Comparing parameter estimates between full and subsampled datasets
To ensure that cichlids (n = 112 of the 133 MPJ species) do not drive the patterns recovered, we estimated evolutionary parameters using a subset of the cichlid taxa. Here, we randomly selected 13 cichlid species, matching the next highest number of species examined from a single MPJ family, resulting in a dataset of 95 non-MPJ and 34 MPJ taxa. Using the morphol.disparity and compare.evol.rates (Adams, 2014a; Denton & Adams, 2015; Adams & Collyer, 2018, 2019) functions in GEOMORPH , we computed disparity and rates of evolution for interspecific head shape (all data used for disparity estimates; scores from PC axes 1-10 used for rate estimates following our treatment of the full dataset), motion components, total craniofacial kinesis, and kinesis skew. This analysis was repeated 100 times before comparing average disparity and rate estimates to those found using the full dataset of 133 MPJ species. On average, we found that estimates of functional and morphological disparity increased for all traits excluding kinesis skew which showed no change while rate estimates decreased for all traits excluding kinesis which decreased.
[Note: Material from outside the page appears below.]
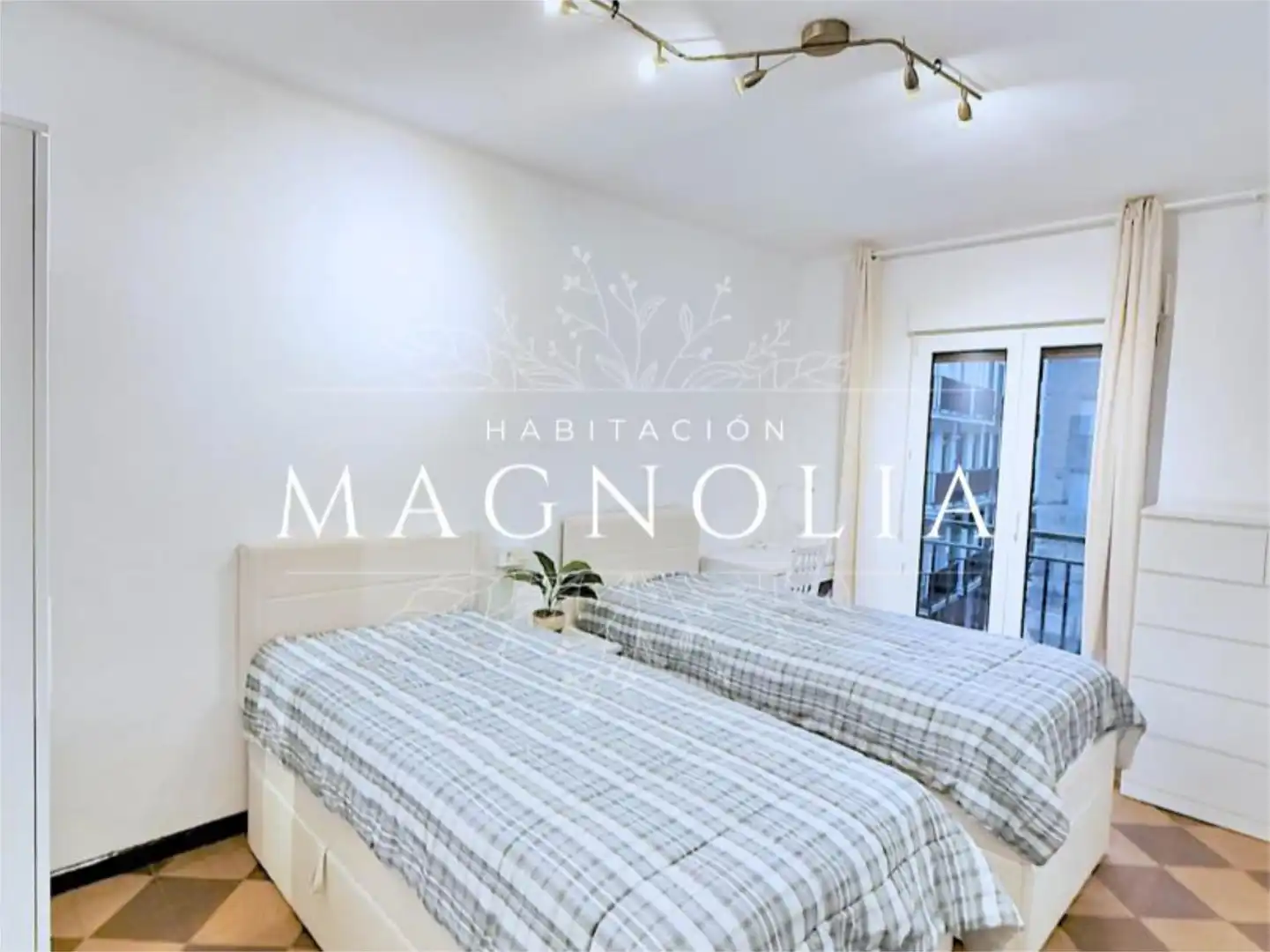 Wohnung zur Miete in Kale Nagusia, 14, Zarautz Schlafzimmer von Wohnung zur Miete in Zarautz mit Möbliert und Balkon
Regardless of how parameter estimates shifted with a subsampled MPJ dataset, all patterns comparing MPJ to non-MPJ parameter estimates remained unchanged (Supplemental Figure 4). Thus, the results from the subsampling analysis align with our main findings where non-MPJ fishes show significantly greater disparity for all traits and a significantly greater rate of evolution for total craniofacial kinesis.